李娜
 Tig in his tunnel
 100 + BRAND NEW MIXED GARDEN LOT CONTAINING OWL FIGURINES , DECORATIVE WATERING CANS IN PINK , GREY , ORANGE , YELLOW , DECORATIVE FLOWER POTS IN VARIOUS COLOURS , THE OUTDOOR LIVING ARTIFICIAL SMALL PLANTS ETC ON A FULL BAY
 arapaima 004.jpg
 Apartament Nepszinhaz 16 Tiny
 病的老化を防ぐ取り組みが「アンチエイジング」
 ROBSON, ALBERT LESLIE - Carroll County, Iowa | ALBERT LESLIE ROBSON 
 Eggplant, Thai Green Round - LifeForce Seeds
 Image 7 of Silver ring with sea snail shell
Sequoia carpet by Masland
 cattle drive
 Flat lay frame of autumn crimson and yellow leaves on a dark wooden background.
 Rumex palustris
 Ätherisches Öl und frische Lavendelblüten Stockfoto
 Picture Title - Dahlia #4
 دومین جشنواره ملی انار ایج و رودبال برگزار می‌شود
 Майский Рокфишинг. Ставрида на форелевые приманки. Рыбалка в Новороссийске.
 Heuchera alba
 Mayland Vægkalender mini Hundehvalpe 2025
++++++++++++++++++++
◆ Exercise details ◆
Copy out each line above, character for character.

◆ Result ◆
李娜
 Tig in his tunnel
 100 + BRAND NEW MIXED GARDEN LOT CONTAINING OWL FIGURINES , DECORATIVE WATERING CANS IN PINK , GREY , ORANGE , YELLOW , DECORATIVE FLOWER POTS IN VARIOUS COLOURS , THE OUTDOOR LIVING ARTIFICIAL SMALL PLANTS ETC ON A FULL BAY
 arapaima 004.jpg
 Apartament Nepszinhaz 16 Tiny
 病的老化を防ぐ取り組みが「アンチエイジング」
 ROBSON, ALBERT LESLIE - Carroll County, Iowa | ALBERT LESLIE ROBSON 
 Eggplant, Thai Green Round - LifeForce Seeds
 Image 7 of Silver ring with sea snail shell
Sequoia carpet by Masland
 cattle drive
 Flat lay frame of autumn crimson and yellow leaves on a dark wooden background.
 Rumex palustris
 Ätherisches Öl und frische Lavendelblüten Stockfoto
 Picture Title - Dahlia #4
 دومین جشنواره ملی انار ایج و رودبال برگزار می‌شود
 Майский Рокфишинг. Ставрида на форелевые приманки. Рыбалка в Новороссийске.
 Heuchera alba
 Mayland Vægkalender mini Hundehvalpe 2025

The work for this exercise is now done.